Nella spedizione punitiva al carcere Petrusa furono coinvolti anche il figlio del boss Meli e il pastore Gianluca Scaccia, accusato di avere sparato all'ex marito della propria compagna

In due facevano il palo, altri tenevano e poi tutti a colpire con calci, pugni e bastone: una vera e propria spedizione punitiva in piena regola, per un contrasto fra detenuti, sfocia in un brutale pestaggio. Undici detenuti, molti dei quali particolarmente noti per le vicende giudiziarie nelle quali sono rimasti coinvolti negli ultimi anni, finiscono a processo. La prima udienza sarà in programma, davanti al giudice Giuseppe Sciarrotta, il 6 giugno. 
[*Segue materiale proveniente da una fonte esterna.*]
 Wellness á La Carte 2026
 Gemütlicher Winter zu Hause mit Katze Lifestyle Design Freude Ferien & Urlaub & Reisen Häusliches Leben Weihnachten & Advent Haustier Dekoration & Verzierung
Si tratta di: Diego Pelonero, 45 anni, di Licata; Gianluca Scaccia, 35 anni, di Canicattì; Valerio Renna, 27 anni, di Misterbianco; Fabio Pastore, 41 anni, di Catania; Giuseppe Meli, 46 anni, di Camastra; Giancarlo Egitto, 50 anni, di Catania; Vincenzo Furia, 55 anni, di Canicattì; Francesco Costa, 34 anni, di Ragusa; Giovanni Crescenti, 45 anni, di Messina; Claudio Musso, 51 anni, di Noto e Calogero Antona, 48 anni, di Licata. 

Le imputazioni contestate sono di lesioni aggravate, minacce e danneggiamento. Pelonero, Scaccia, Renna, Pastore, Meli, Egitto, Furia, Costa, Crescenti e Musso, in particolare, sono accusati di lesioni aggravate. L’aggressione sarebbe avvenuta il 17 ottobre del 2017 all’interno del carcere di contrada Petrusa ad Agrigento dove tutti erano detenuti per vari reati. Un gruppetto si sarebbe riunito in una camera detentiva per mettere a segno un vero e proprio agguato ai danni di un recluso. I motivi del contrasto non sarebbero stati del tutto messi a fuoco. Costa, con una scusa, lo avrebbe accompagnato in quella sorta di “vicolo cieco” del carcere dove nessuno avrebbe potuto vederli. A quel punto, secondo la ricostruzione dell’episodio, Musso avrebbe cercato di tenere chiuso il blindo per non fare fuggire la vittima predestinata e altri due del gruppo – Meli e Pelonero – avrebbero fatto da “palo” assicurandosi che nessuno delle guardie carcerarie o altri detenuti in grado di testimoniare potessero arrivare. Il primo a colpire, usando un bastone, sarebbe stato Scaccia, pastore che si trovava là perché accusato di avere sparato, pochi mesi prima, all’ex marito della sua nuova compagna per timore che lo stesso potesse tornare a intrattenere una relazione con lei. 

Fra i protagonisti della spedizione punitiva c’è pure Giuseppe Meli, in quel periodo detenuto per ricettazione e possesso illegale di armi e indagato nell’inchiesta antimafia Vultur in cui il padre e il fratello sono stati condannati con l’accusa di avere gestito la famiglia mafiosa di Camastra.